**WHAT IS NEEDED:** Each line from the first entry to the line with "Lässig 3-tlg. Set", both included, is to be returned unchanged, with any pictures dropped.

══ DATA TO PROCESS ══

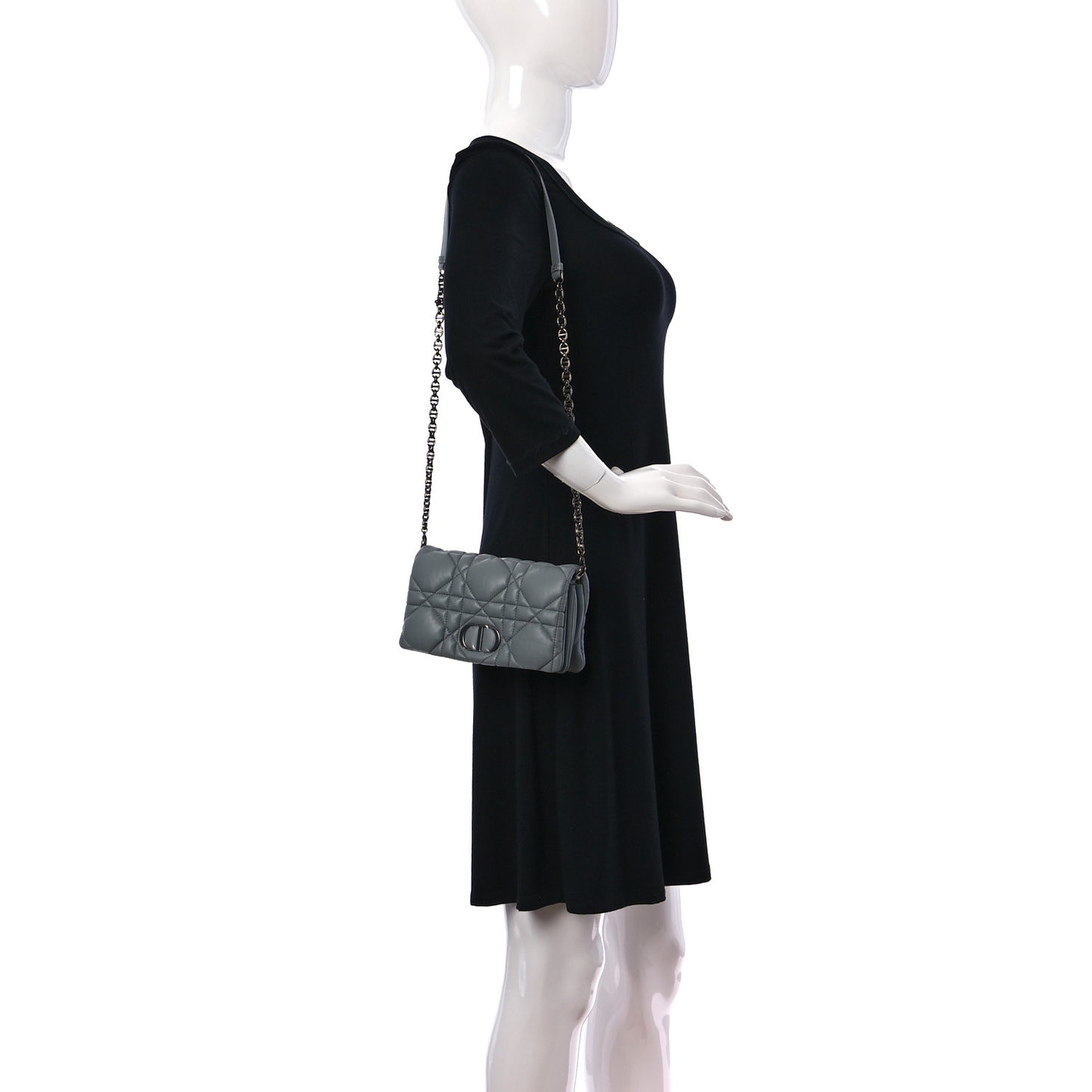 Calfskin Macrocannage Mini Caro Bag Grey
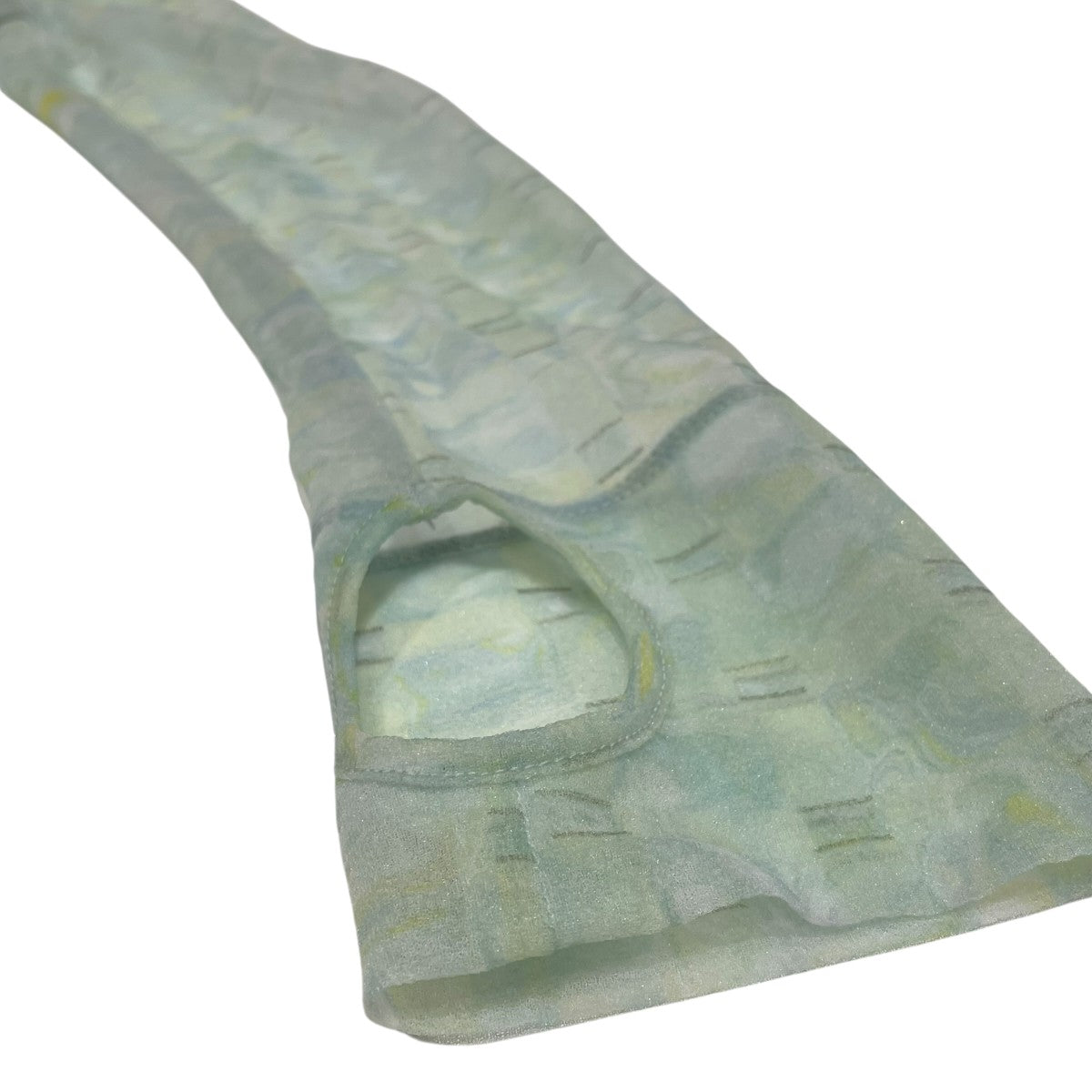 mame kurogouchi 23SSMarble Printed Plaid Sheer High Neck TopシアートップMM23SS-JS020 古着・中古-4枚目のアイテム画像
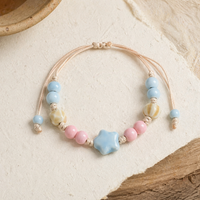 Handmade Ceramic Star Bracelet Colorful Beaded Wax Cord Braided Adjustable 12-24cm Boho Gift for Women S04-0031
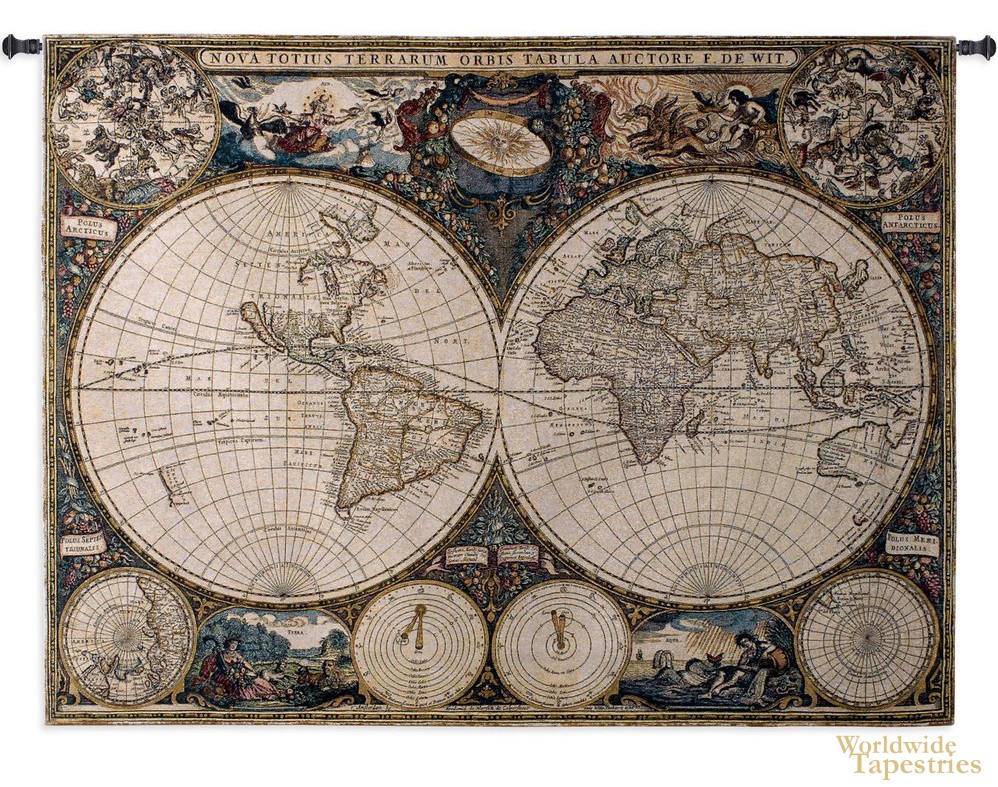 Old World Map Tapestry
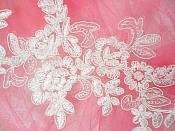 Embroidered Venice Lace Appliques Pure White Floral Venice Lace Mirror Pair 10" (DH109X)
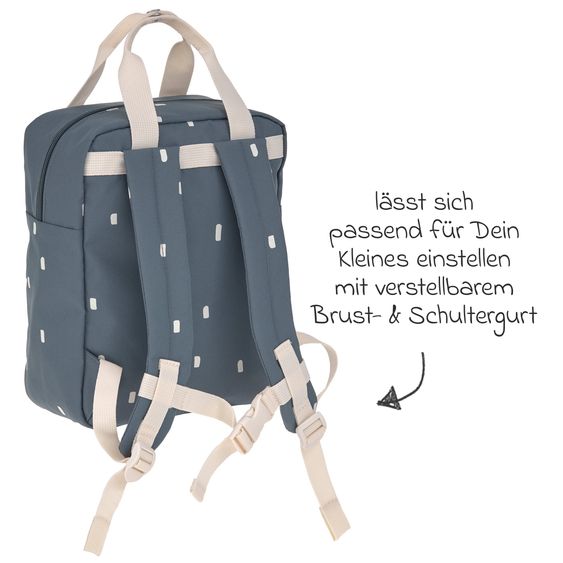 Lässig 3-tlg. Set Rucksack Mini Square Backpack + Brotdose + Trinkflasche - Happy Prints - Midnight Blue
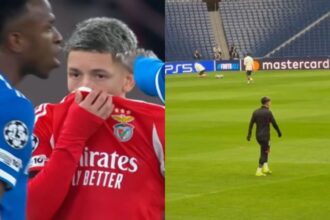 Mesmo punido, argentino acusado de cometer racismo contra Vini Jr. treina no Santiago Bernabéu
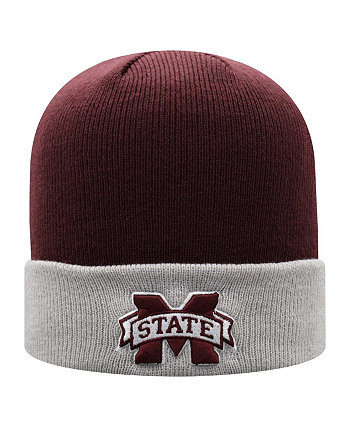 Мужская темно-бордовая, серая двухцветная вязаная шапка Mississippi State Bulldogs Core с манжетами Top of the World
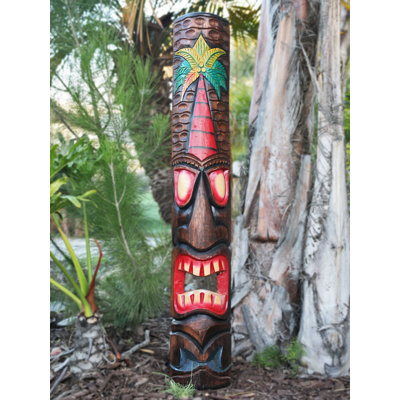 40" H Tiki Mask Palm Tree Tropical Wall Decor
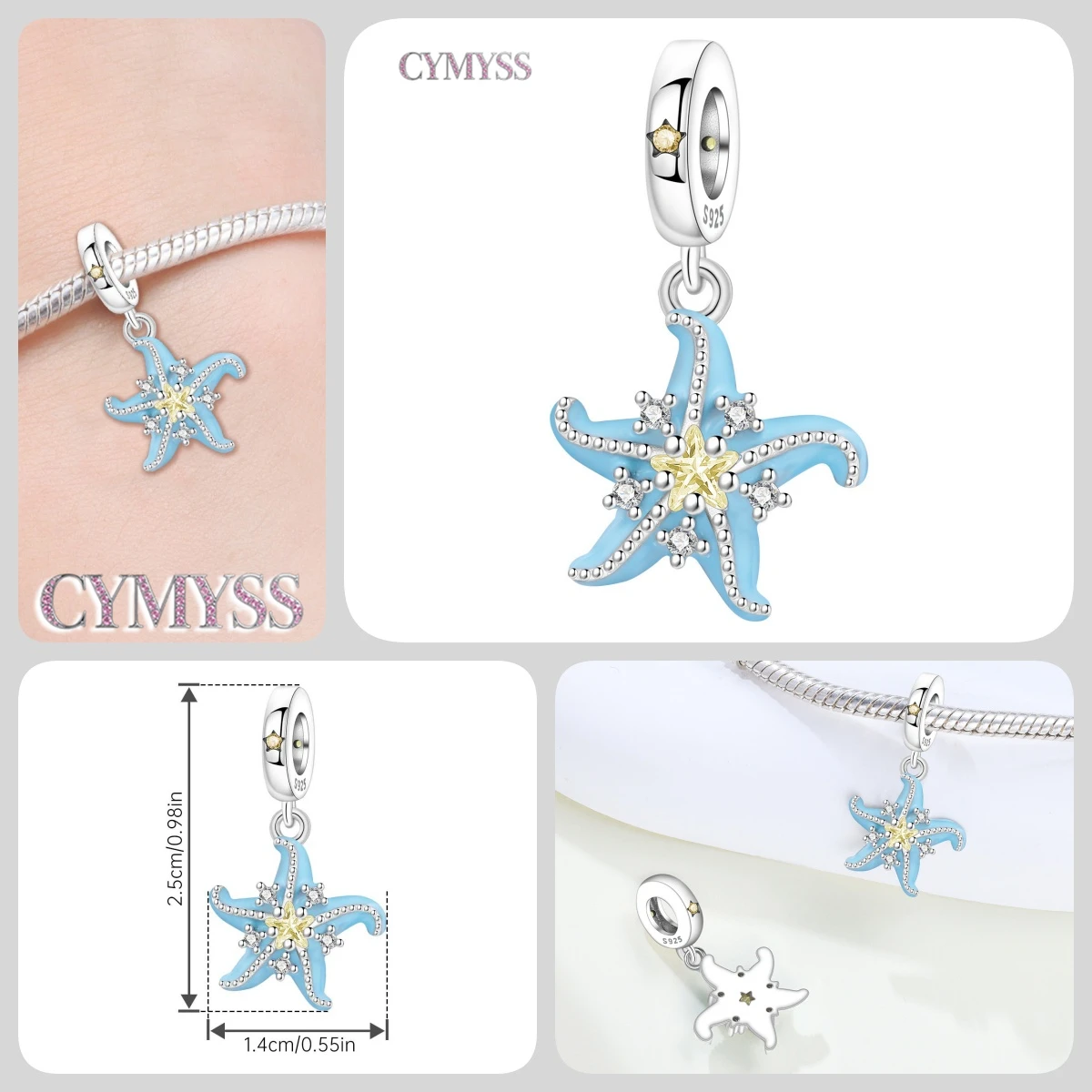 Blauer Charm, 925er Sterlingsilber, Ozeanperlen, Betta-Fisch-Anhänger, Geburtstagsfeier, Geschenk für Frauen, Armband, Halskette, DIY-Perlen, Schmuck – Detail 25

═══

**THE COMPLETED TASK:**
 Calfskin Macrocannage Mini Caro Bag Grey
 mame kurogouchi 23SSMarble Printed Plaid Sheer High Neck TopシアートップMM23SS-JS020 古着・中古-4枚目のアイテム画像
 Handmade Ceramic Star Bracelet Colorful Beaded Wax Cord Braided Adjustable 12-24cm Boho Gift for Women S04-0031
 Old World Map Tapestry
 Embroidered Venice Lace Appliques Pure White Floral Venice Lace Mirror Pair 10" (DH109X)
 Lässig 3-tlg. Set Rucksack Mini Square Backpack + Brotdose + Trinkflasche - Happy Prints - Midnight Blue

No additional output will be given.